Freaky Tales (2024): I’m not sure where I caught the case of optimism, but I expected an anthology movie with this particular title to contain tales somewhat freakier than the one about the punks who are attacked by Nazis, decide to fight back the next time, and then fight back the next time, or the one about two young women who are invited to a rap battle, take part in the rap battle, and win the rap battle. This is more Tales of the Bleeding Obvious material.
Apparently, directors Anna Boden and Ryan Fleck are big fans of classic exploitation movies, but their modern version of them is bland, antiseptic, and just too nice to truly get the spirit. That the blood and gore is all CGI is absolutely telling in this regard. Doing a proper left-wing style exploitation movie seems like a fine goal to me, but this surely isn’t it.
Clown in a Cornfield (2025): As far as modern retro-slasher comedies go, Eli Craig’s Clown is a perfectly decent time – it’s certainly well-made, has a couple of jokes that actually hit, and a fine final girl in Katie Douglas. It’s also less sadistically minded than rather a lot of modern slashers at the moment, and doesn’t feature endless, boring, torture sequences; it falls in the opposite direction a little, so the violence is a bit too weightless and too cartoonish to ever produce much suspense, proving that you really can’t satisfy me in this regard.
But really, it’s the kind of perfectly decent film, most probably made by perfectly decent filmmakers there’s very little to say about.
Eclipse (1977): This film about a very awkward Christmas dinner with the alcoholic wife of a deceased twin and his neurotic brother, close after the accidental (or was it?) death, was only rediscovered thanks to the efforts of its male lead Tom Conti.
It’s an interesting film, building a mood of tension out of occasional flashbacks, awkward and tense social interaction and a pretty fantastic synth score.

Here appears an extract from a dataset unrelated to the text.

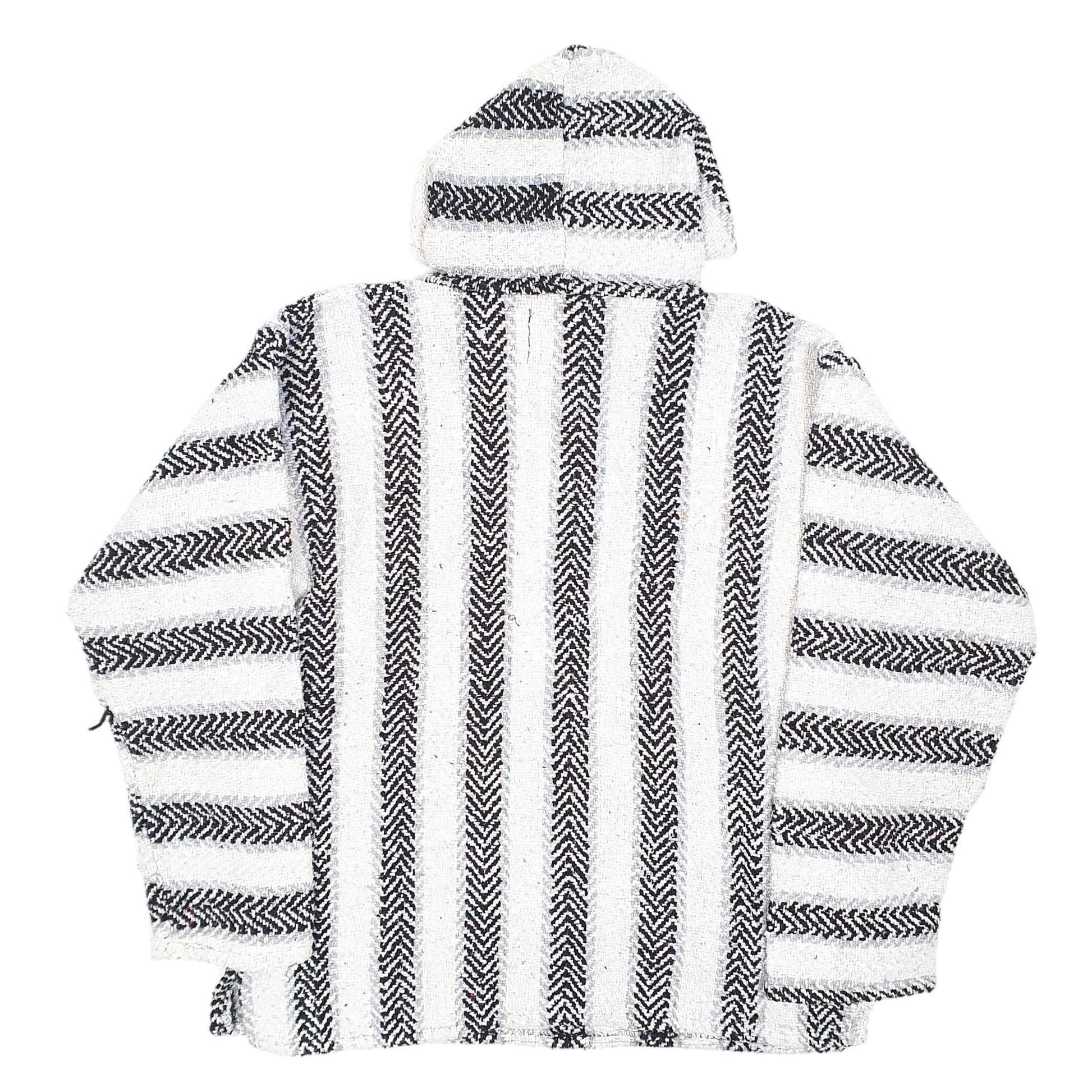 Womens White Earth Ragz Poncho Smock Rug Hippie Surf Hoodie Jumper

In its general tone the film is a sibling to some of the weirder and more abstract regional films from the US (this is a Scottish film), particularly in its insistence on getting by on a mood of tension and dread alone – there are no revelations coming you didn’t expect, and there’s a slightness to these particular sets of neuroses that sometimes gets in the film’s way.
But unlike the other two films in this entry made fifty years later, Eclipse really strains for something unique, and gains a certain power from it even if it doesn’t quite succeed.